(Image-caption web data)
※

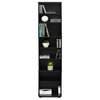 Jaya Space Saving Multimedia Storage Tower, Espresso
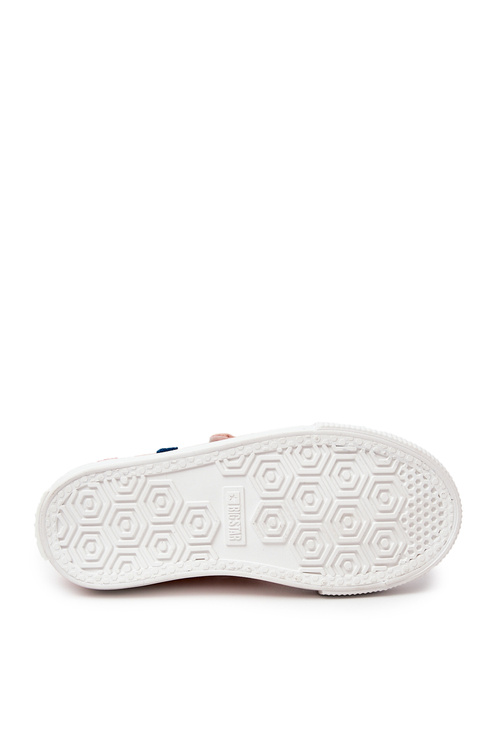 Dziecięce Trampki Na Rzep BIG STAR JJ374054 Różowe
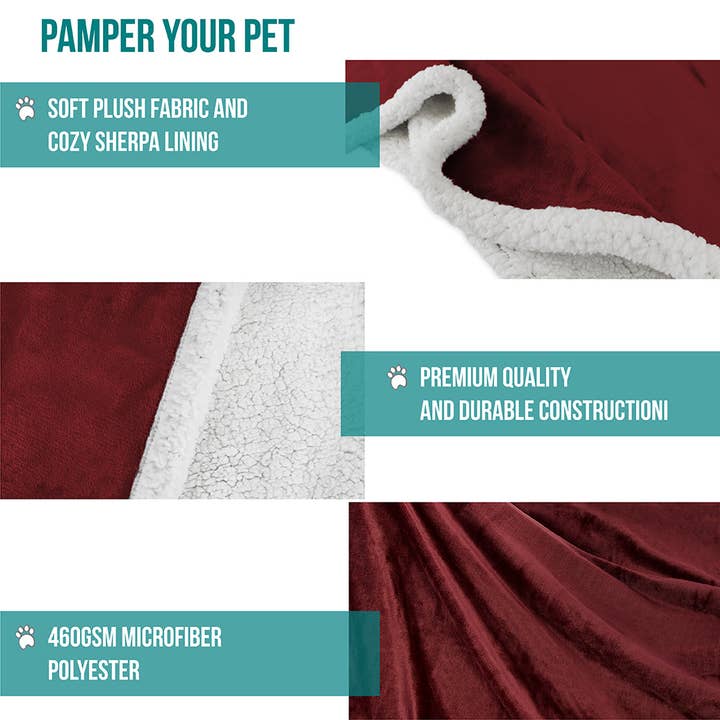 PetAmi - Wholesale Pet blanket – Cat/dog - Waterproof Fleece Pet Blanket64
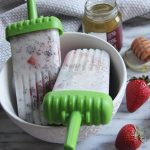 Coconut Strawberry Popsicles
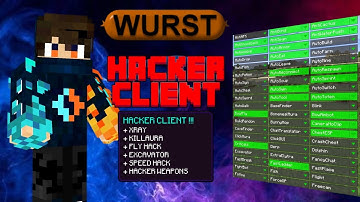 ULTIMATE WURST HACK CLIENT FOR MOJO AND POJAVLAUNCHER 1.21.10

※

## The task
All lines from the one containing "Dziecięce Trampki Na" to the last line of the records above, both included, need to be repeated word for word; omit the pictures.

## Reply
 Dziecięce Trampki Na Rzep BIG STAR JJ374054 Różowe
 PetAmi - Wholesale Pet blanket – Cat/dog - Waterproof Fleece Pet Blanket64
 Coconut Strawberry Popsicles
 ULTIMATE WURST HACK CLIENT FOR MOJO AND POJAVLAUNCHER 1.21.10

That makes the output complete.